ECLI:NL:RBDHA:2024:21145

Rechtbank Den Haag

Datum uitspraak
25 oktober 2024
Publicatiedatum
16 december 2024
Zaaknummer
NL24.38139
Instantie
Rechtbank Den Haag
Type
Uitspraak
Procedures
  • Voorlopige voorziening
Vindplaatsen
  • Rechtspraak.nl
AI samenvatting door LexboostAutomatisch gegenereerd

Afwijzing verzoek voorlopige voorziening asielaanvraag op grond van Dublinverordening

In de zaak met zaaknummer NL24.38139 heeft de voorzieningenrechter van de Rechtbank Den Haag op 25 oktober 2024 uitspraak gedaan over een verzoek om een voorlopige voorziening in het kader van een asielaanvraag. De verzoeker, vertegenwoordigd door mr. M. Taheri, had een aanvraag ingediend voor een verblijfsvergunning asiel voor bepaalde tijd. De minister van Asiel en Migratie, vertegenwoordigd door mr. J.A.C.M. Prins, had echter op 1 oktober 2024 besloten om de aanvraag niet in behandeling te nemen, omdat Duitsland verantwoordelijk was voor de behandeling van de asielaanvraag op basis van de Dublinverordening.

De voorzieningenrechter heeft het verzoek om een voorlopige voorziening behandeld op 15 oktober 2024, maar de verzoeker is niet verschenen. De minister was wel vertegenwoordigd. Tijdens de zitting is ook een andere zaak, NL24.38138, behandeld. De voorzieningenrechter heeft in die zaak op dezelfde dag uitspraak gedaan, waardoor het verzoek om een voorlopige voorziening in deze zaak niet meer nodig was. De voorzieningenrechter heeft het verzoek om voorlopige voorziening dan ook afgewezen.

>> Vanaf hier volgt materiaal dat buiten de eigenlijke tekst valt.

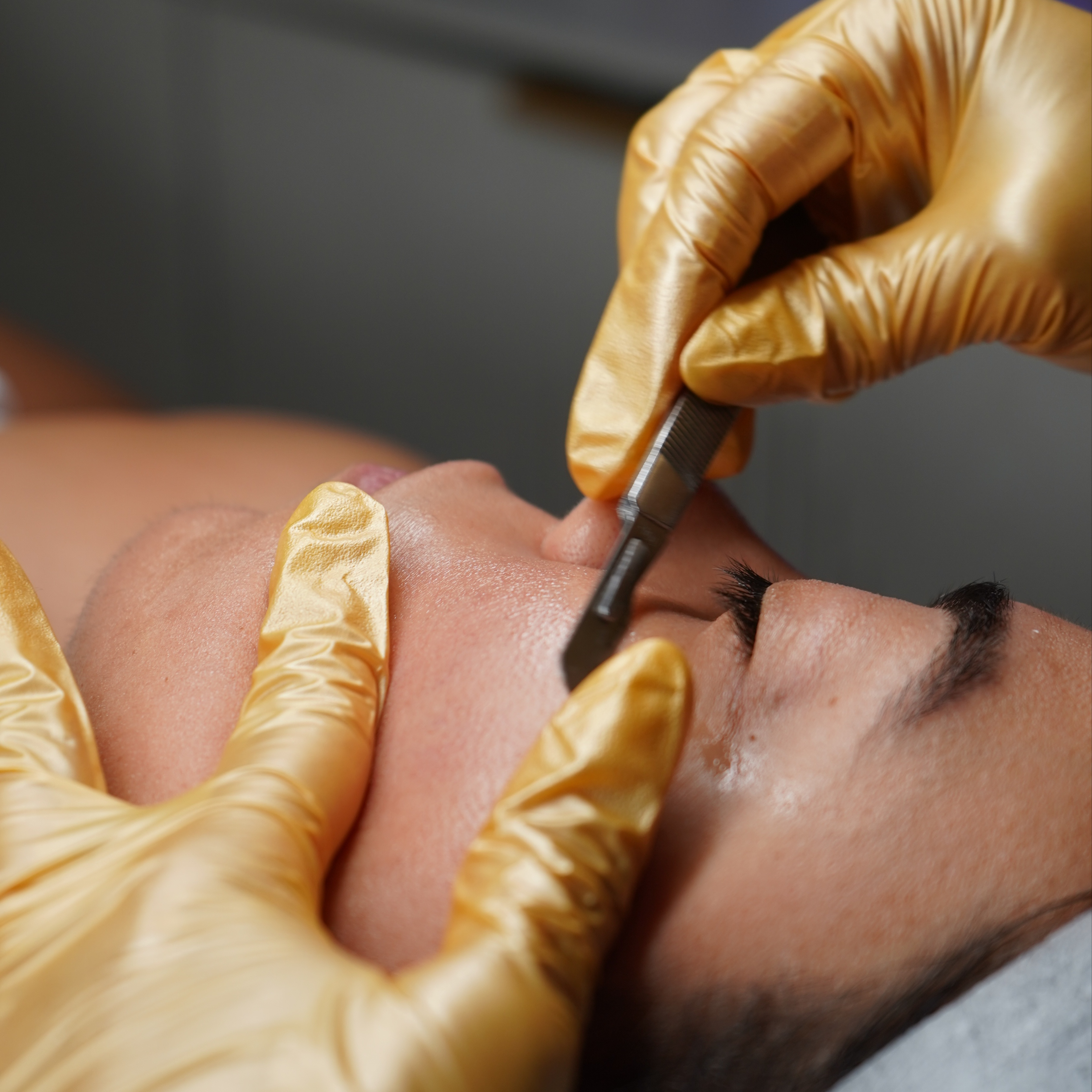 Dermaplane - ADD ON at Stephs A1 Beauty Bar in Southwest Ranches, FL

De uitspraak is gedaan door mr. A.A.M. Elzakkers, in aanwezigheid van griffier mr. S.J. Valk. De uitspraak is openbaar gemaakt op 25 oktober 2024. Tegen deze uitspraak staat geen hoger beroep of verzet open.

Uitspraak

uitspraak

RECHTBANK DEN HAAG

Zittingsplaats Utrecht Bestuursrecht zaaknummer: NL24.38139
uitspraak van de voorzieningenrechter in de zaak tussen
[verzoeker], V-nummer: [V-nummer] , verzoeker (gemachtigde: mr. M. Taheri),
en
de minister van Asiel en Migratie, de minister (gemachtigde: mr. J.A.C.M. Prins).

Procesverloop

Bij besluit van 1 oktober 2024 (het bestreden besluit) heeft de minister de aanvraag van verzoeker tot het verlenen van een verblijfsvergunning asiel voor bepaalde tijd niet in behandeling genomen op de grond dat Duitsland verantwoordelijk is voor de behandeling daarvan.
Verzoeker heeft tegen het bestreden besluit beroep ingesteld. Hij heeft verder de voorzieningenrechter verzocht om een voorlopige voorziening te treffen.
De voorzieningenrechter heeft het verzoek, samen met de zaak NL24.38138, op 15 oktober 2024 op zitting behandeld. Verzoeker is niet verschenen. De minister heeft zich laten vertegenwoordigen door zijn gemachtigde.

Overwegingen

1. Bij uitspraak van vandaag, zaaknummer NL24.38138, heeft de rechtbank uitspraak gedaan op het beroep. Een voorlopige voorziening is daarom niet meer nodig. De voorzieningenrechter wijst het verzoek om die reden af.
2. Voor een proceskostenveroordeling bestaat geen aanleiding.

Beslissing

De voorzieningenrechter wijst het verzoek om voorlopige voorziening af.
Deze uitspraak is gedaan door mr. A.A.M. Elzakkers, voorzieningenrechter, in aanwezigheid van mr. S.J. Valk, griffier.
De uitspraak is uitgesproken in het openbaar en bekendgemaakt op:
25 oktober 2024

Tegen deze uitspraak staat geen hoger beroep of verzet open.